Your assignment:
Word for word, set down the lines from the one that holds "طنجة المتوسط يرسخ" through the final line of the listing below, and exclude every picture.

--- START ---

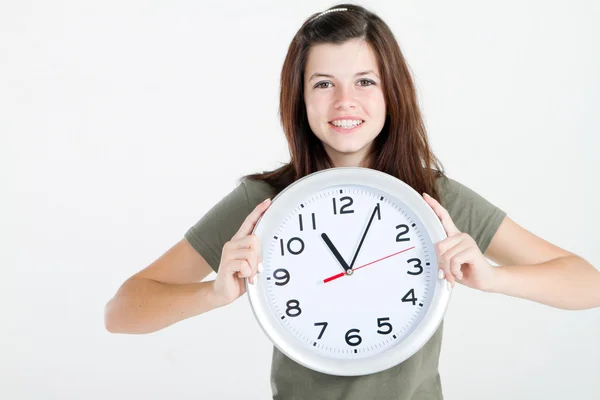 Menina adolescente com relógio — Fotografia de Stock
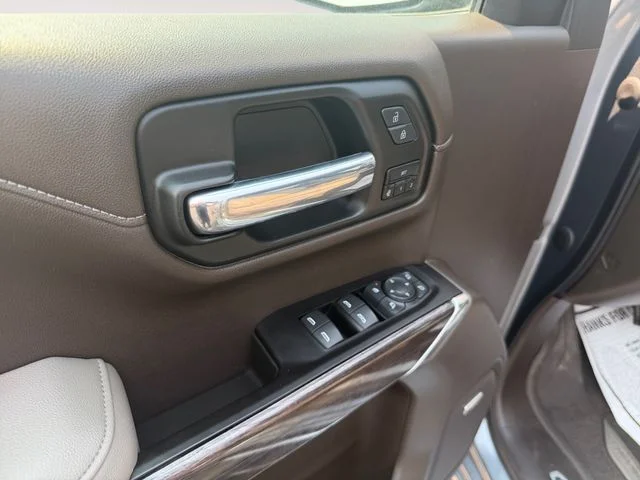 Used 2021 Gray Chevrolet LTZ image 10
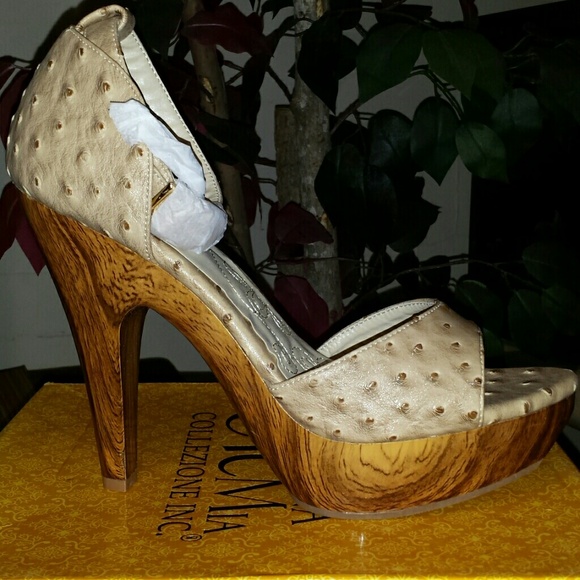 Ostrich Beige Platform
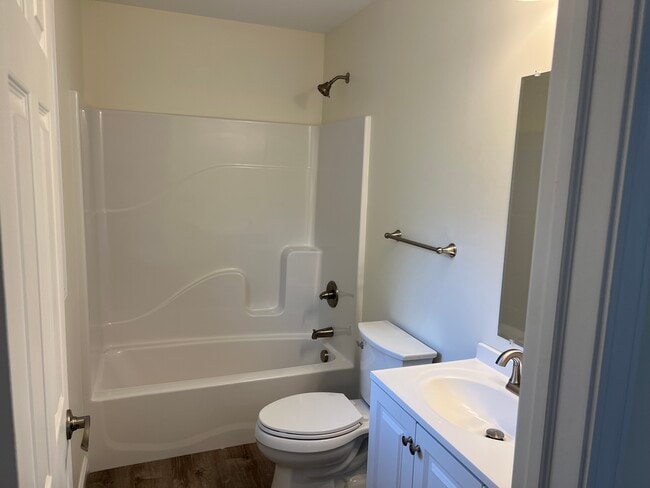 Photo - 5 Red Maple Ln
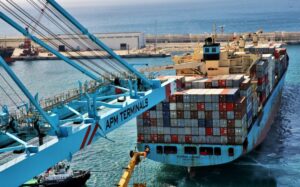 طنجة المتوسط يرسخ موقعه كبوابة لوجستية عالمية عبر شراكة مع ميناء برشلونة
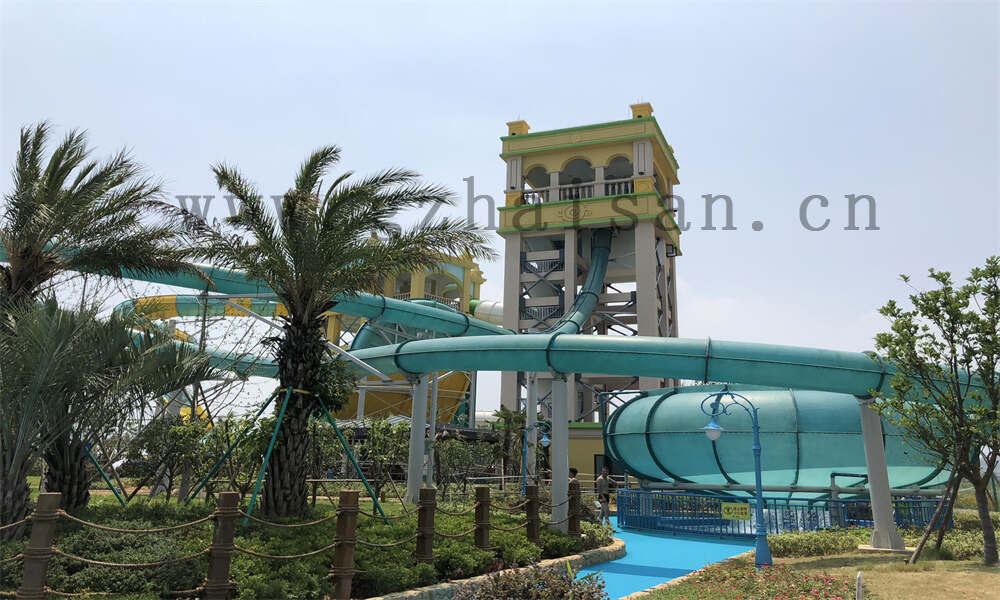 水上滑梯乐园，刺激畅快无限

--- END ---

Completed exercise:
 طنجة المتوسط يرسخ موقعه كبوابة لوجستية عالمية عبر شراكة مع ميناء برشلونة
 水上滑梯乐园，刺激畅快无限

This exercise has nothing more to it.